In the notebook file, create a basic bar chart
✅ Note, you can either filter out the two outlier birds we identified in the previous section, edit the typo in their wingspan, or leave them in for these exercises which do not depend on wingspan values.
If you want to create a bar chart, you can select the data you want to focus on. Bar charts can be created from raw data:
birds.plot(x='Category',
kind='bar',
stacked=True,
title='Birds of Minnesota')
This bar chart, however, is unreadable because there is too much non-grouped data. You need to select only the data that you want to plot, so let's look at the length of birds based on their category.
Filter your data to include only the bird's category.
✅ Notice that you use Pandas to manage the data, and then let Matplotlib do the charting.
Since there are many categories, you can display this chart vertically and tweak its height to account for all the data:
category_count = birds.value_counts(birds['Category'].values, sort=True)
plt.rcParams['figure.figsize'] = [6, 12]
category_count.plot.barh()
This bar chart shows a good view of the number of birds in each category. In a blink of an eye, you see that the largest number of birds in this region are in the Ducks/Geese/Waterfowl category. Minnesota is the 'land of 10,000 lakes' so this isn't surprising!

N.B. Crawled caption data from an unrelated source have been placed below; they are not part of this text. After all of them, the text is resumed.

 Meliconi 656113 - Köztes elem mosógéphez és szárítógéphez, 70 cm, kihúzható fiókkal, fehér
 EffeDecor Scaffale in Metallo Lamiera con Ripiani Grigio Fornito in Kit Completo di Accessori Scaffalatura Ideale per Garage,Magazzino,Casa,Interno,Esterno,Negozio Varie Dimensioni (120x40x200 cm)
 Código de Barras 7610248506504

✅ Try some other counts on this dataset. Does anything surprise you?
Comparing data
You can try different comparisons of grouped data by creating new axes. Try a comparison of the MaxLength of a bird, based on its category:
maxlength = birds['MaxLength']
plt.barh(y=birds['Category'], width=maxlength)
plt.rcParams['figure.figsize'] = [6, 12]
plt.show()
Nothing is surprising here: hummingbirds have the least MaxLength compared to Pelicans or Geese. It's good when data makes logical sense!

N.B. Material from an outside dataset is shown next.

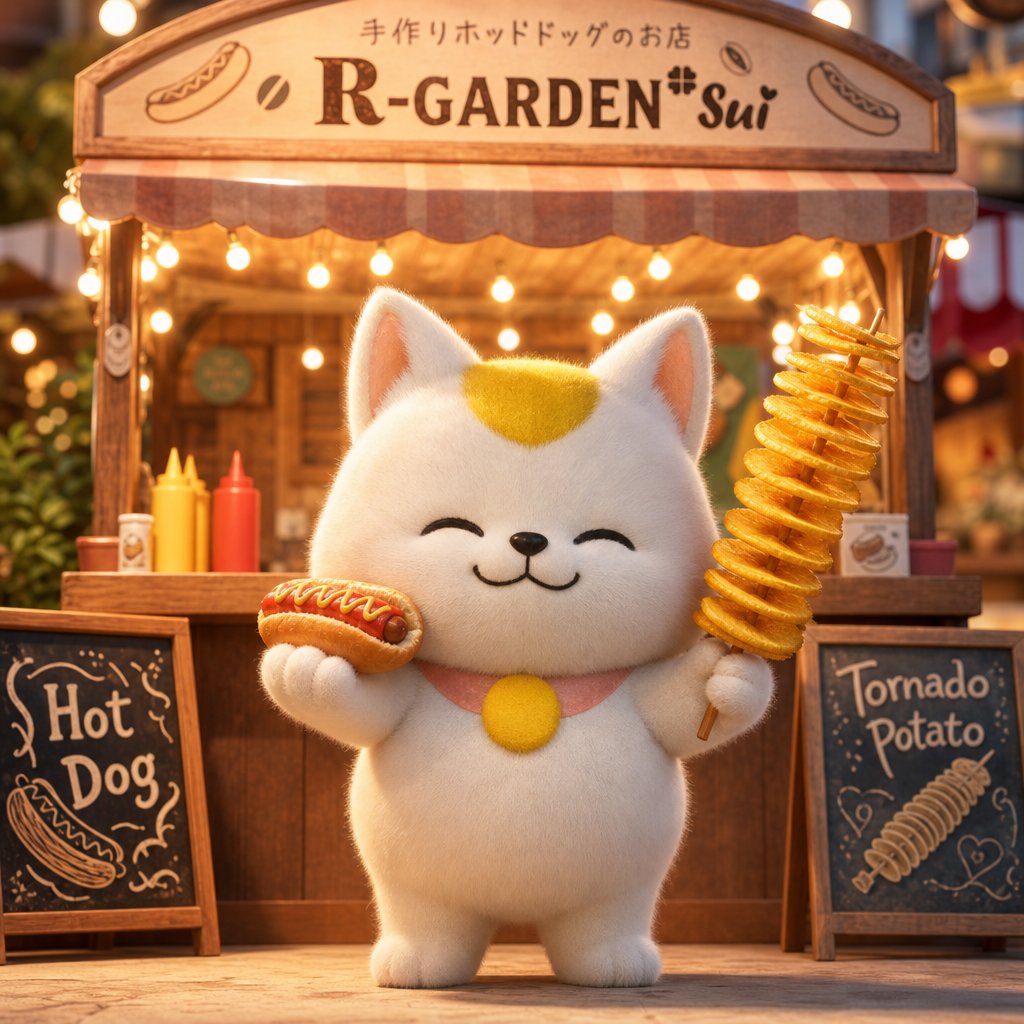 Cat Mascot Night Market Debut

You can create more interesting visualizations of bar charts by superimposing data. Let's superimpose Minimum and Maximum Length on a given bird category:
minLength = birds['MinLength']
maxLength = birds['MaxLength']
category = birds['Category']
plt.barh(category, maxLength)
plt.barh(category, minLength)
plt.show()
In this plot, you can see the range per bird category of the Minimum Length and Maximum length. You can safely say that, given this data, the bigger the bird, the larger its length range. Fascinating!
🚀 Challenge
This bird dataset offers a wealth of information about different types of birds within a particular ecosystem. Search around the internet and see if you can find other bird-oriented datasets. Practice building charts and graphs around these birds to discover facts you didn't realize.
Post-lecture quiz
Review & Self Study
This first lesson has given you some information about how to use Matplotlib to visualize quantities. Do some research around other ways to work with datasets for visualization. Plotly is one that we won't cover in these lessons, so take a look at what it can offer.